If you are mistakenly using HAVING when you should be using WHERE, fixing the query could lead to a dramatic speed improvement.
 

ByteMyzer

AWF VIP
Local time
Today, 02:50
Joined
May 3, 2004
Messages
1,409
Here is a more concrete illustration of the differences between HAVING and WHERE clauses.

Table Name: StudentTests
Code:
StudentID | TestID | TestDate
----------+--------+----------
10123     | 1012   |  3/1/2022
10123     | 1023   |  9/6/2022
10123     | 1035   |11/17/2022
10123     | 1057   | 2/27/2023
10135     | 1012   |  3/1/2022
10135     | 1023   |  9/6/2022

SELECT ST.StudentID, MAX(ST.TestDate) AS TestDate
FROM StudentTests AS ST
GROUP BY ST.StudentID;

Result:
StudentID | TestDate
----------+----------
10123     | 2/27/2023
10135     |  9/6/2022

Task: Write a query that shows, for tests that took place in 2022, each Student ID with the latest test date.
Code:
SELECT ST.StudentID, MAX(ST.TestDate) AS TestDate
FROM StudentTests AS ST
WHERE ST.TestDate BETWEEN #1/1/2022# AND #12/31/2022#
GROUP BY ST.StudentID;

Result:
StudentID | TestDate
----------+----------
10123     |11/17/2022
10135     |  9/6/2022

Task: Write a query that shows each Student ID and the latest test date for whom the latest test date occurred in 2022.
Code:
SELECT ST.StudentID, MAX(ST.TestDate) AS TestDate
FROM StudentTests AS ST
GROUP BY ST.StudentID
HAVING MAX(ST.TestDate) BETWEEN #1/1/2022# AND #12/31/2022#;

Result:
StudentID | TestDate
----------+----------
10135     |  9/6/2022
 

ebs17

Well-known member
Local time
Today, 11:50
Joined
Feb 7, 2020
Messages
1,946
Without specifically testing @ByteMyzer's example, I'll say his statement is wrong, because different query logic was stored. Different logic, different results (depending on given data).

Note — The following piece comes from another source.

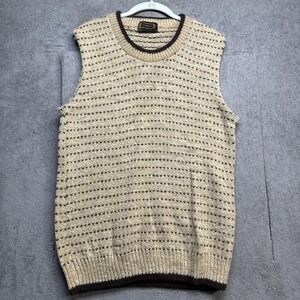 Vintage Wool Sweater Vest Retro Grandpa Knit Pattern Layering Piece Mens Large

In such a simple design, with the same logic the result should always be the same, regardless of whether you use WHERE or HAVING.

The huge difference between the two lies in the order in which queries are evaluated and the resulting performance.

WHERE takes place immediately with the execution of FROM including JOINs and reduces the amount of data available. Only then does grouping take place. Grouping is a complex process because each record within the recordset under consideration must be compared with every other record to ensure that the content of the field or field combination is identical.
It makes a dramatic difference whether you use WHERE to reduce a set of, for example, 10,000 records to 300 and then group them or whether the grouping has to run across all 10,000 records; the number of comparison operations is significantly different.
When grouping, the support of an index would often be used and the comparison process mentioned would be accelerated again. Often, however, groupings are not just done using key fields or specifically indexed fields, but rather using a long list of fields where no index is guaranteed to be available.
A lot of work takes a lot of time.

HAVING then takes place after grouping and on aggregates formed.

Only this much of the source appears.